But, yeah. Get back to me on that. By the time I can find enough hours to get something like that done, someone will already have a commercial solution for us.

commented Jun 13, 2020 by Edison Williams G2G6 Pilot (451k points)

Thanks, Edison. Just a couple of quick followup questions, and I hope I can articulate them in a comprehensible way.

It seems to me that you've said in the recent past (I doubt I could easily find the source) that WGS testing (for genealogy) will be widespread in the near future and might even replace the inexpensive microarray tests we all buy now.

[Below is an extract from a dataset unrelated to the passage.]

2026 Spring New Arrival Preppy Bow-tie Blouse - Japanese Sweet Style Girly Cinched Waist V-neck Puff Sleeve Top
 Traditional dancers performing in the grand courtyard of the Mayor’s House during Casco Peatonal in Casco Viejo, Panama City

But how will those tests be useful if they can't be compared on a relatively inexpensive mass scale?

I've also heard many times that our current DNA testing targets the areas where our DNA differs from other people's, and that most of our DNA is 99% (or 98%, or 99.8%, or some other number; I don't remember exactly) identical. What I thought that meant was that the 99% could be ignored for comparison purposes. So wouldn't that be true of WGS comparisons too? In other words, substantially reducing the need for dealing with those huge files?

And if extraction of the relevant data from the BAM or FASTQ files is difficult and the data can't just be e-mailed around the internet, isn't the solution for the company that performs the test to also provide those extractions?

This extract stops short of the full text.